Besides what others have said about missing subtleties with nested transactions, CRDB adds an extra level of complexity. Transactions for CRDB must sometimes be restarted client side on a certain error type to resolve concurrency issues. Therefore transactions are handled inside the application layer as retry loops. So you often can't use generic transaction libs without at least adding some special handling for this, which is rarely worth it.
This is cool, and I applaud the author’s effort. For certain projects this is likely the right way to go.
However, another way to solve this which is safe to use when testing packages in parallel, and let’s you work against your exact database (driver/protocol/version etc)
Each package under test copies the database schema to a new database with the name “{package}_{uuid}”.
TestMain in each package is responsible for:
-cleanup of old databases with the same prefix
-create a new test database to work against.
Tests within a package are run sequentially, and are responsible for wiping the package’s test DB at the start of each test.

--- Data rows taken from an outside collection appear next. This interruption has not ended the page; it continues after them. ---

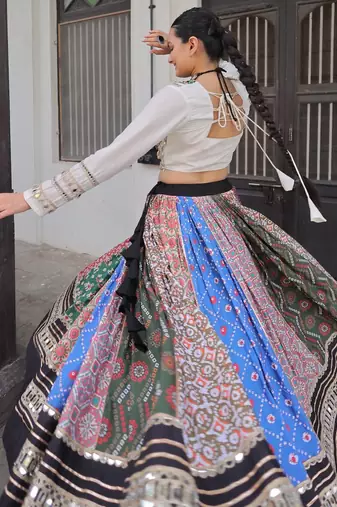 Cotton Printed with Gota-Patti & Real Mirror Lace work Lehenga with Stitched Choli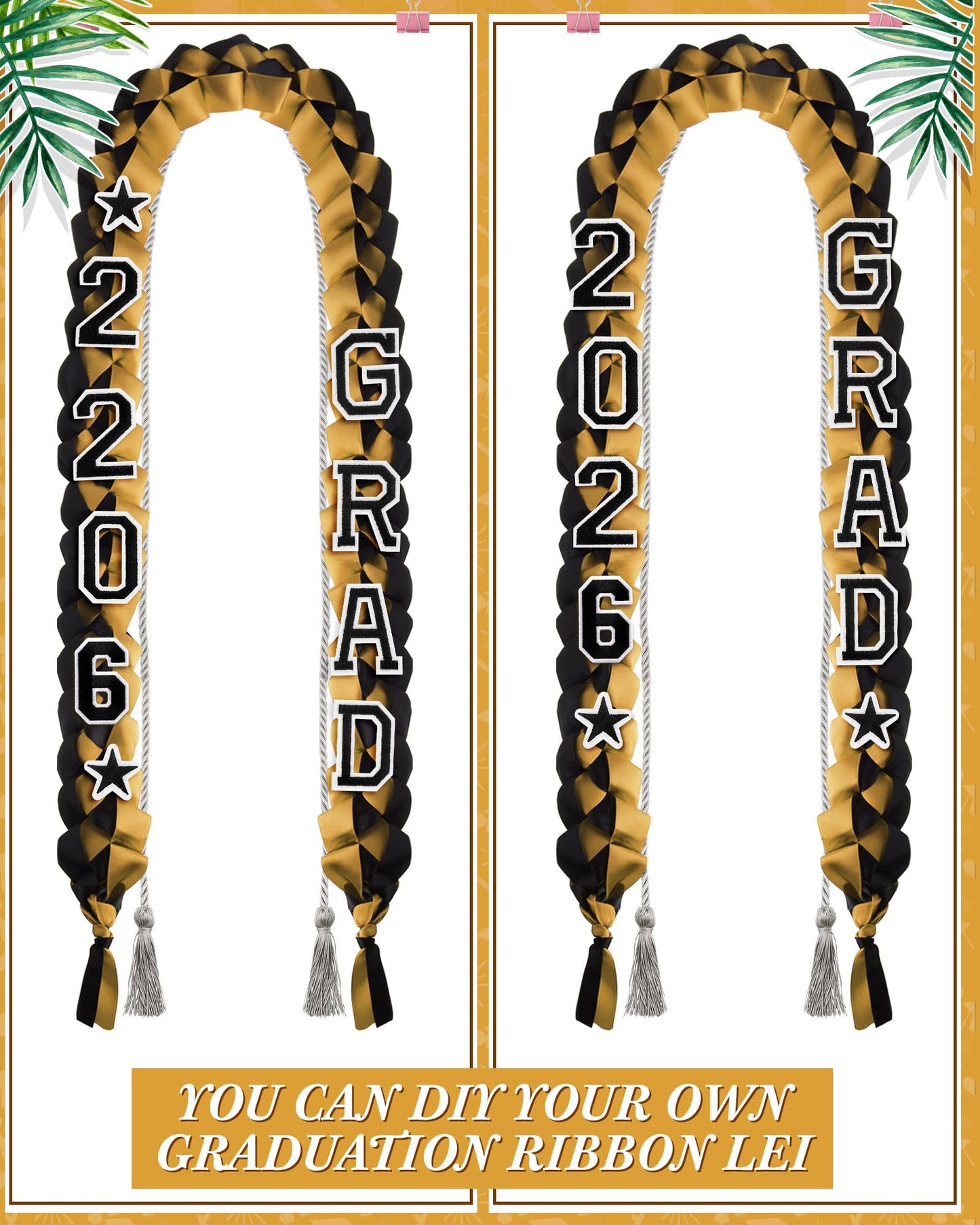 Cindeer 2026 Graduation Ribbon Lei Set Handmade Braided Necklace Honor Cord with Tassel 2026 Grad Embroidery Patches for High School College Graduation Party Supplies(Black, Red) BST220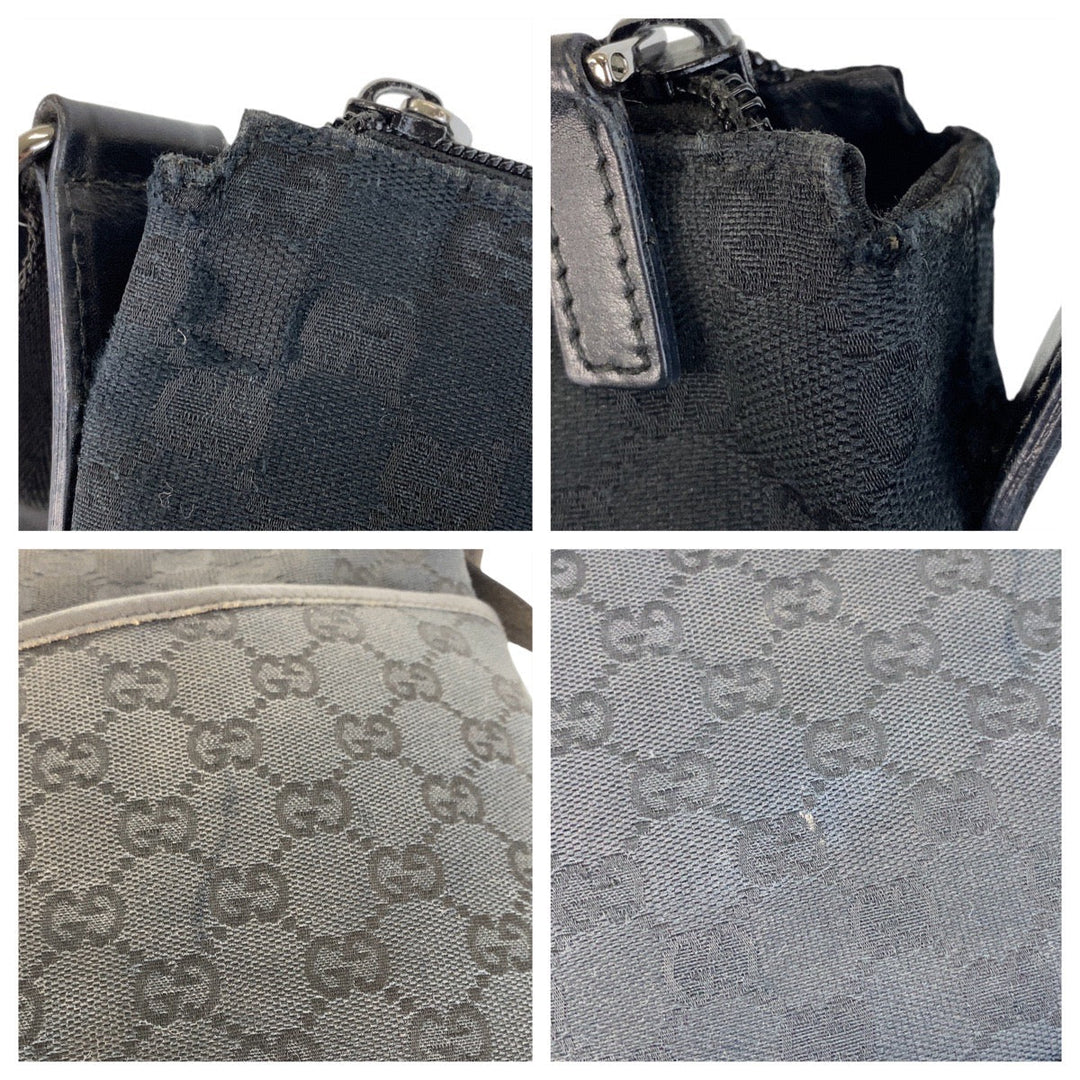 GUCCI Shoulder Bag 145355 GG canvas, leather Black black Shoulder Bag Messenger bag Women Used Authentic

The pattern of “defer cleanup” is avoided in favor of deleting at the start to avoid the edge cases of crashing in the middle of a test run.
Interesting, this is essentially a record/reply framework at the db driver level.
Usually I think record/reply testing is an anti-pattern b/c it's typically used against external systems (i.e. REST/RPC API calls) where the current state of the external system is not captured in the recording itself.
(I.e. someone clicked around in the vendor's UI to make it "look like this", then ran record. However 6 months later when you need to re-record your test, the state in vendor system no longer "looks like this" so it's a nightmare to know if the test is failing due to a real regression or just changed data.)
That said, copyist records the test data being inserted/setup into the db as well...so...huh, it might actually be a good idea.
What a nice work! I wrote my thesis about this approach couple years back. Instead of generating test code, though, I saved queries in a serialized graph which was extended/changed if necessary.